The expanding social commerce ecosystem is full of opportunity for brands, social platforms, and developers alike. Brands and influencers should focus their efforts on discovering which product categories are ripe for social commerce as well as tracking cultural shifts in user behaviors and buying preferences.
The creator economy—and the content influencers produce and post—has increased media consumption on social platforms overall, making these platforms ideal channels for brands to capture potential customers where they are already spending their time. Identifying and activating an inclusive cohort of influencers, who not only represent the brand but can relate to and connect with ideal customers, could thus be central to cracking the social commerce code.14
In addition, brands can benefit by utilizing social advertising’s hypertargeted and personalized features. Social media algorithms that determine which ads are displayed in a user’s feed can be highly effective, drawing on billions of data points and powerful analytics to understand consumers and their needs. More than four in 10 consumers surveyed across the United States, the United Kingdom, Germany, Brazil, and Japan say they see ads on social media for things they have been looking for.15 Launching novel social shopping experiences, such as livestreamed events (already highly successful in China)16 or augmented reality–powered try-ons, could also be key.
Most social platforms are already benefiting from influencers’ success in reaching and selling to their audiences: the platform gains new avenues for monetization, and it retains users who are captivated by influencer content.

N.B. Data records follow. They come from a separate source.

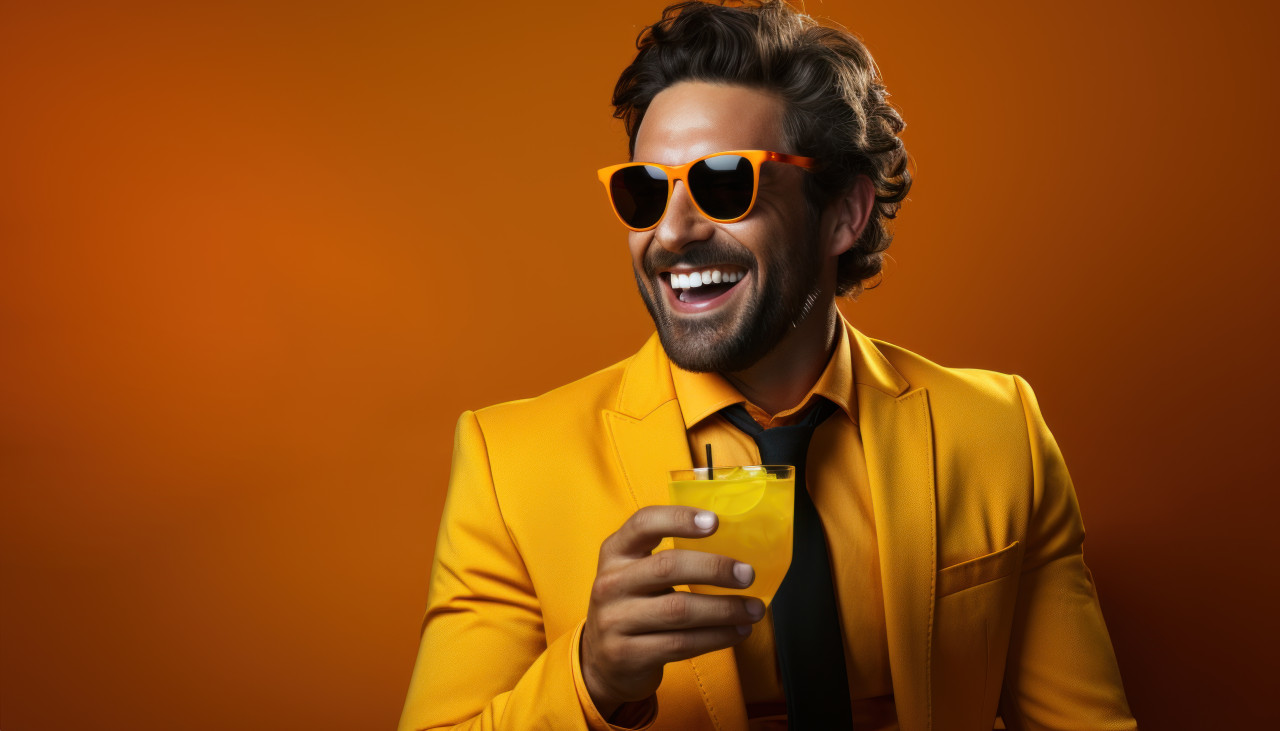 Man multitasking with phone and cocktail, relaxing summer scene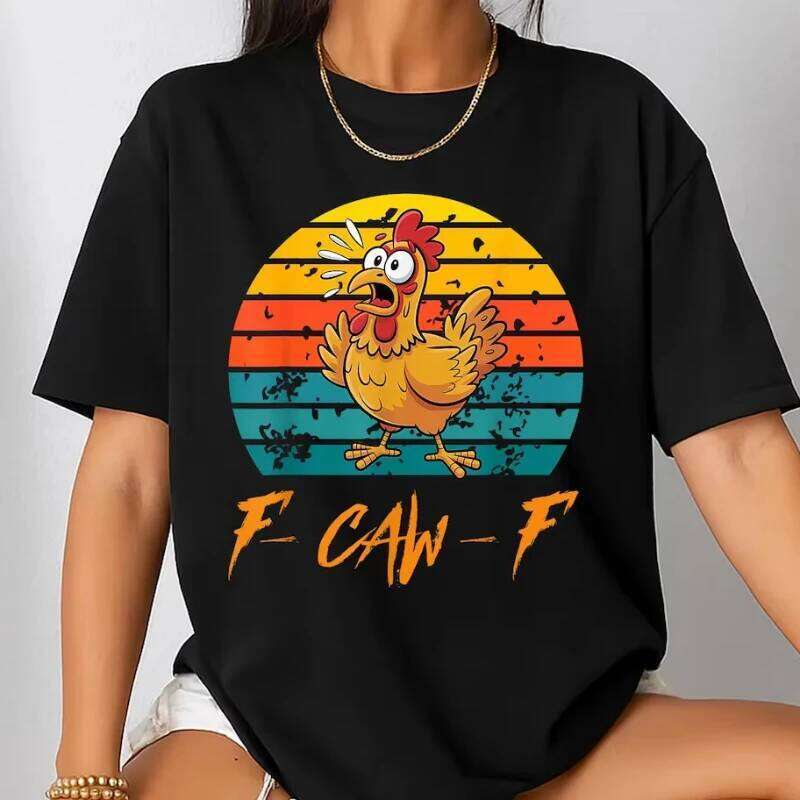 Funny F-Caw-F Shirts Sunset Vintage FCAWF T-Shirt Sweatshirt Hoodie Black Bird Chicken Meme Shirt Tops Z260312
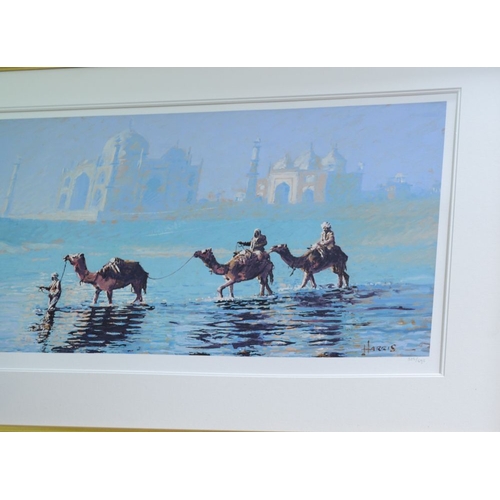 143 - A Rolf Harris pencil signed print of Camels wading, 325/695, framed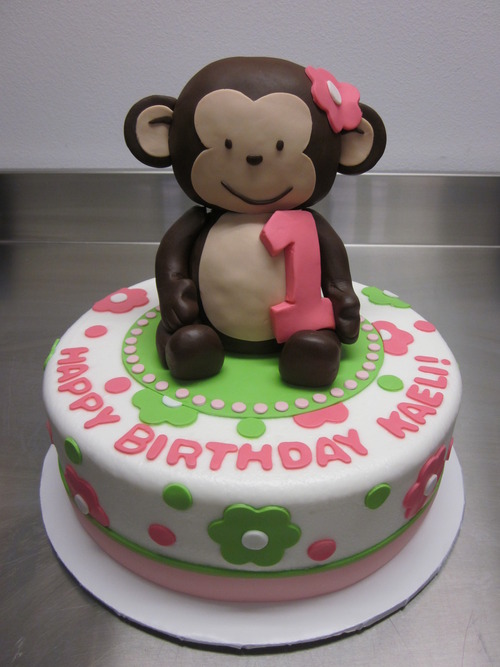 Mod Monkey Girl Birthday Cake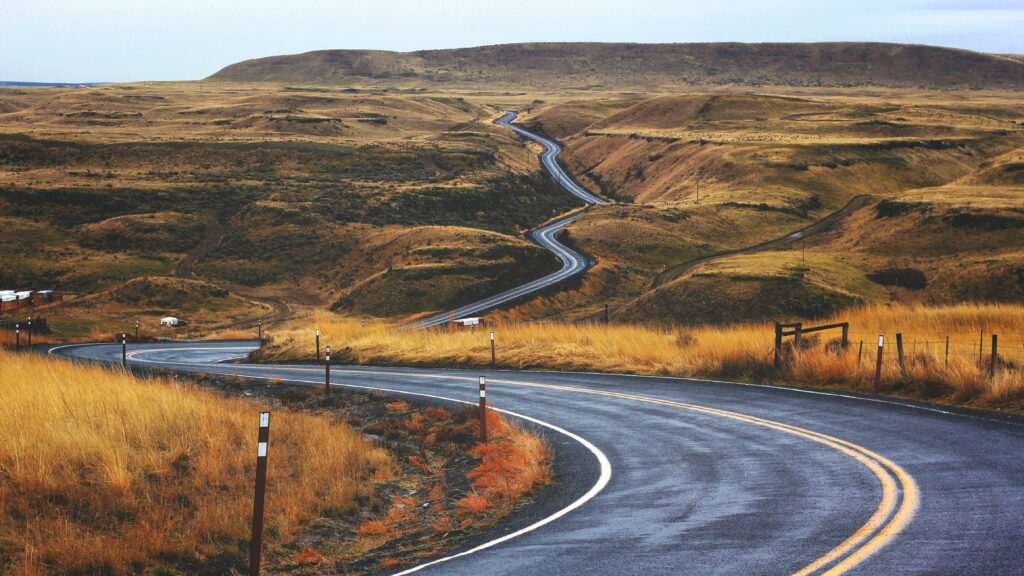 long winding hilly road
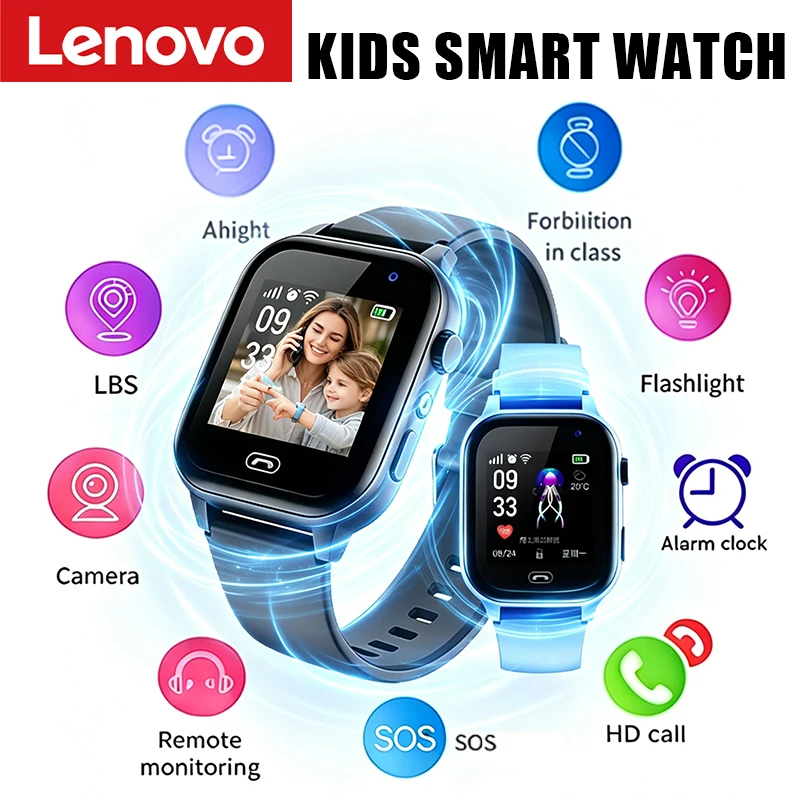 Lenovo Kids 5G Smart Watch WIFI SOS GPS Location Video Call Sim Card Camera With Light Touch-screen Waterproof Watch For Kids
Lenovo Kids 5G Smart Watch WIFI SOS GPS Location Video Call Sim Card Camera With Light Touch-screen Waterproof Watch For Kids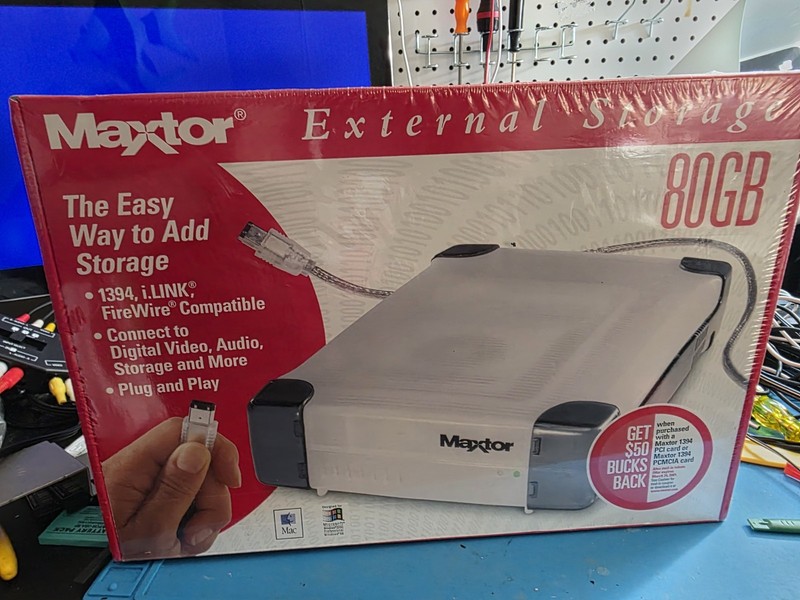 Sealed Maxtor 80GB External Storage FireWire IEEE 1394 i.LINK – Vintage Early...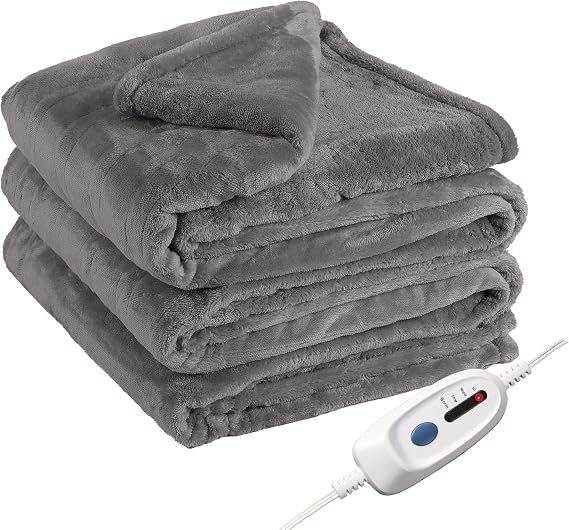 Electric Heated Blanket Full Size 72"84" with 9 Heating Levels & 1-10Hs Auto Off, Single Control Large Heating Heater Blankets, Cozy for Bed & Sofa, Energy Efficient, Gifts for Family, Light Gray
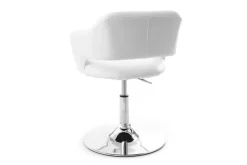 Fauteuil pivotant design blanc et acier chromé JESSY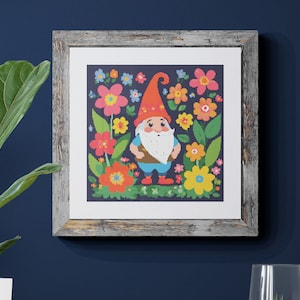 Floral Gnome Cross Stitch Pattern: Folk Art (PDF Download)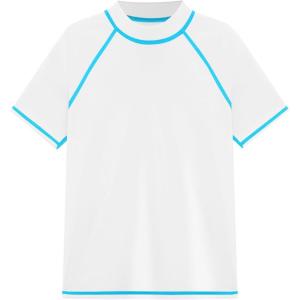 image:imageRoadbox Boys Rash Guard Swim Shirt Toddler UPF 50 Quick Dry Short Sleeve UV Protection Rashguard Surf Water Shirts for KidsBleach Medium Blue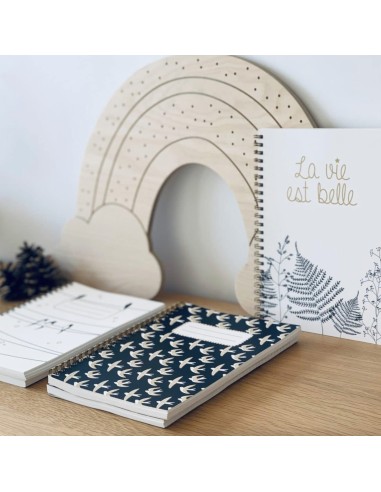 Carnet spirale La vie est belle - Les Petites Hirondelles
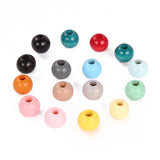 DIY 20mm Round Wooden Beads Crafts Colorful Big Hole for Kid's Jewelry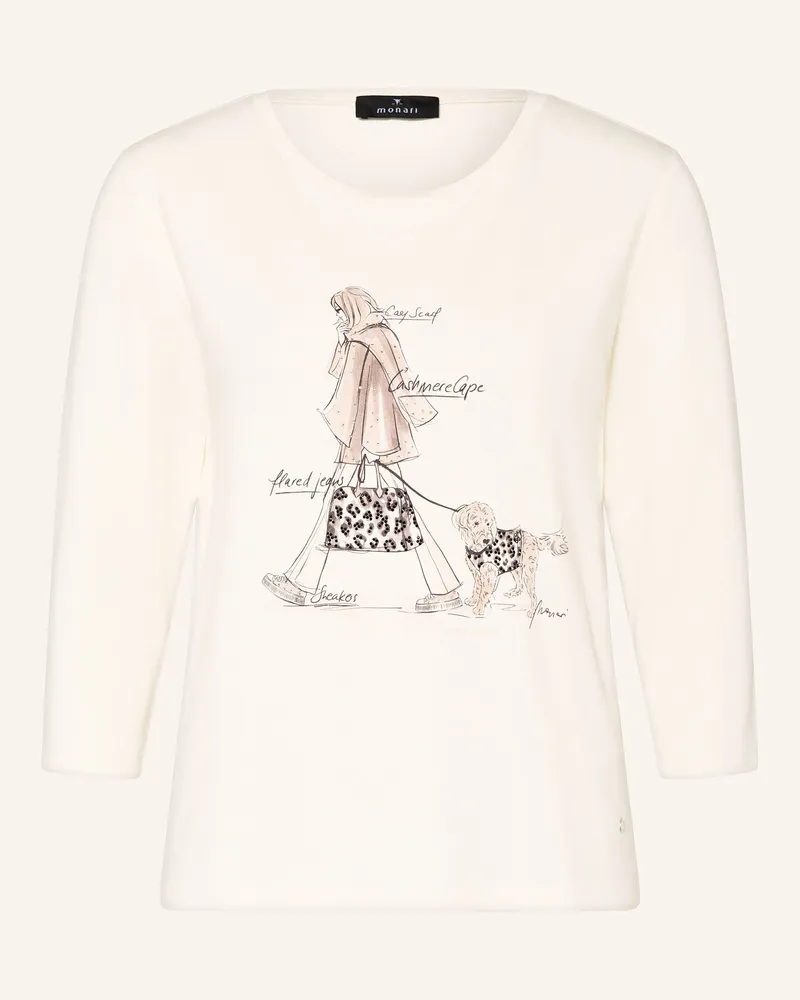 monari Shirt mit 3/4-Arm und Schmucksteinen Ecru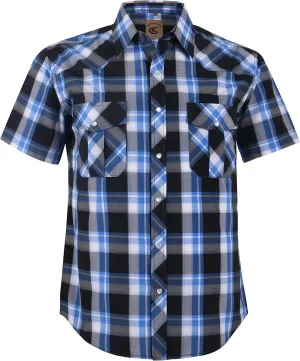 COEVALS CLUB Men's Western Cowboy Short Sleeve Pearl Snap Casual Plaid Work Shirts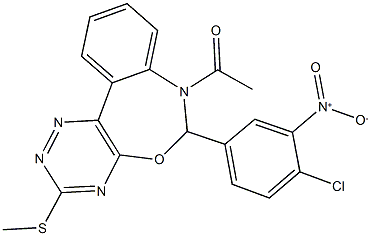 7-acetyl-6-{4-chloro-3-nitrophenyl}-3-(methylsulfanyl)-6,7-dihydro[1,2,4]triazino[5,6-d][3,1]benzoxazepine Struktur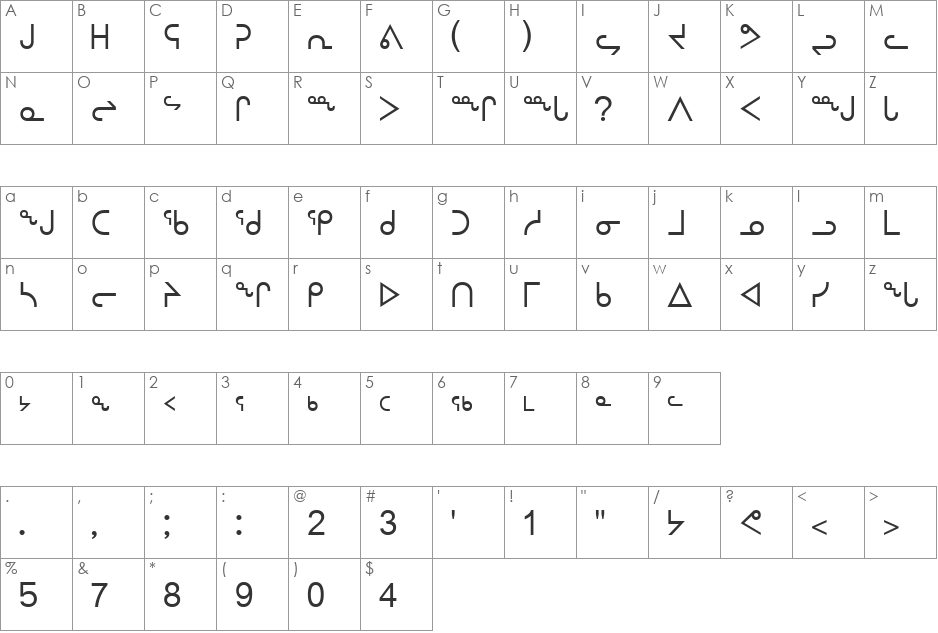 nunacom font character map preview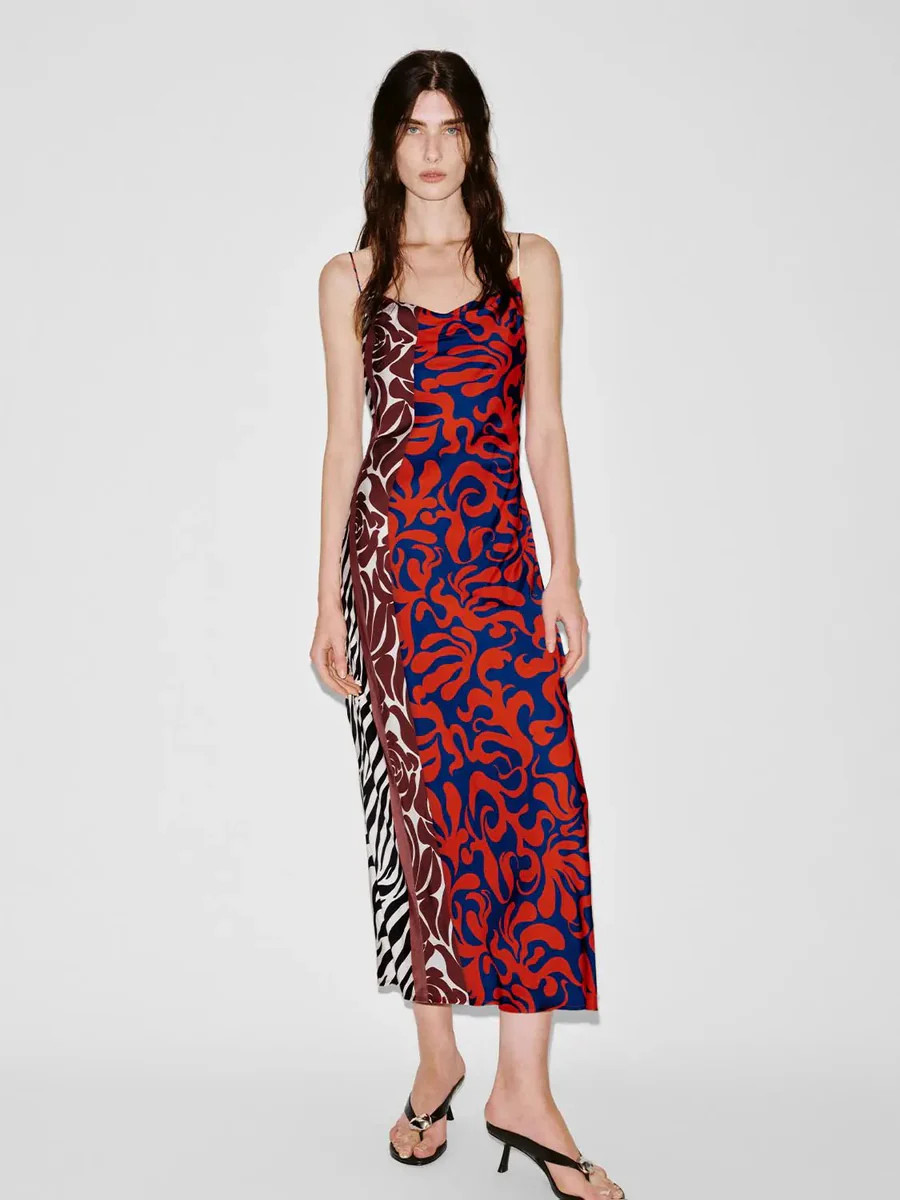 Viscose Contrast Print Strappy Maxi Dresses | Urban Revivo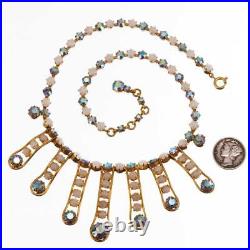 JULIANA Art Nouveau Necklace Earrings SET Moon Stone Gold Rhinestone Festoon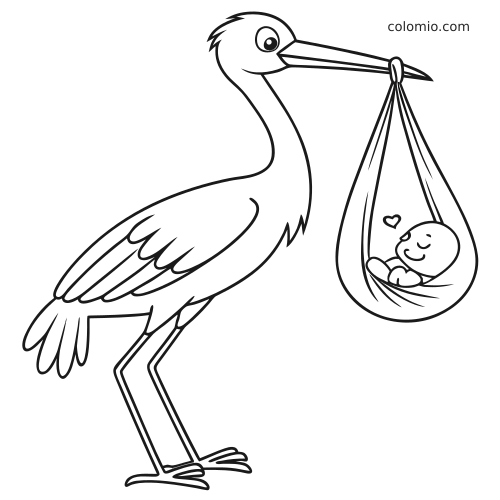 Eenvoudige lijntekening van een ooievaar die een slapende baby draagt in een doek die aan zijn snavel hangt.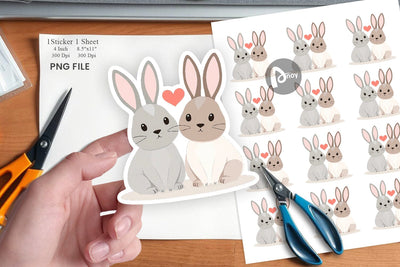Sticker Love Rabbit Sublimation artnoy 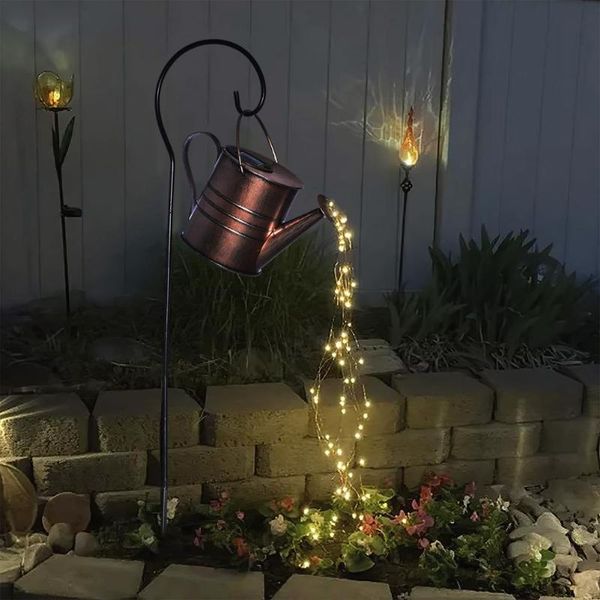 lawn lamps outdoor decoration garden solar lights waterproof landscape fairylight watering kettle shower can statues lamp 2021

These platforms, as well as technology developers, can seek to further cash in by building infrastructures and capabilities that support fully integrated, intuitive shopping and payment experiences—not just on social media, but on streaming video platforms, gaming services, music and podcast services, and just about everywhere else in the future metaverse.
As social commerce evolves globally through continued experimentation and by looking to more mature markets for guidance, it has the opportunity to draft the blueprint for the broader shoppable media landscape, making new products easier to find, simpler to pay for, and quicker to buy across digital experiences. Looking beyond 2023, most digital experiences are expected to be considered “shoppable,” and the same tap-to-purchase behavior available on social media platforms will likely be possible with other online services, too. Imagine watching a cooking show on a streaming video service. Just pause, select the recipe, add the items to your virtual grocery cart, select a delivery time, use mobile payment, wait for the doorbell to ring—and voila! Dinner is served.